It sounds to me like a service to help non-blacks get away from blacks.

For people who ride public transport, all the low-lifes, transients, parolees and welfare users on board make the experience miserable, and a disproportionate number of these low-performers are black. Non-blacks will not use public transport with large numbers of lower class blacks, if they have a choice. Non-blacks don’t like to live around lower class blacks and do all they can to avoid black neighborhoods and large numbers of blacks in almost any context.

Given the astronomical black crime rate, this might be a rational choice, even if many individual blacks are wonderful.

Los Angeles Times:

According to Pew Research Center data, “Americans who are lower-income, black or Hispanic, immigrants or under 50 are especially likely to use public transportation on a regular basis.” Meanwhile ride-hailing apps, reports Pew, are especially popular among college grads with incomes above $75,000 a year. You don’t need a route map to see where this is going.

Lyft, for its part, has carefully avoided the word “bus.” But whatever we call it, Lyft Shuttle is just another way that wealthier Americans are paying for reliable and convenient services rather than demanding improvements to existing public goods.
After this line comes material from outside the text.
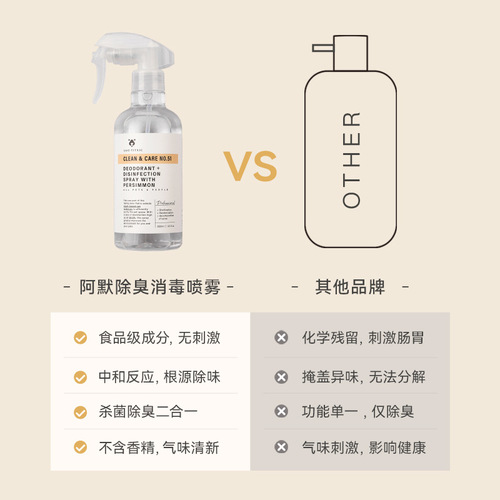 Amo Petric Green persimmon deodorizing and disinfecting spray, pet bacteria odor eliminator for cats and dogs, cat urine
Services like Lyft are also giving customers the ability to live insulated from those who have less money. That’s a time-honored tradition. To take just a few examples:

The Los Angeles Country Club: A park without poor people. Do you love to socialize outdoors but shudder at the thought of a less-than-pristine restroom situation, a raucous barbecue nearby, or a germy drinking fountain? Try this innovative, membership-based solution.

Carbon Beach: A beach without poor people. Ok, so technically it’s a public beach, but with confusing signage and a hostile attitude toward strangers who happen to venture onto the sand, it’s effectively private. Sunbathe without ever having to worry about bumping into a weird old stoner dude or a picnicking family again!

Postmates: Meals on Wheels without poor people. Sure, you are physically and financially able to go to the grocery store, but your time is valuable. Just get dinner delivered, plate it at home, and it’s almost like you’ve got a private chef. You’ll never have to cross paths with someone using food stamps again! If you’re a real DIY type, try a meal-kit service like Blue Apron for a similar effect.

Private jets: Air travel without poor people. Sick of sneezing seatmates and crammed overhead bins? Hate the looks that fellow travelers give you as they file back to economy class, where they’ve paid $60 for an additional four inches of legroom? There’s a better way!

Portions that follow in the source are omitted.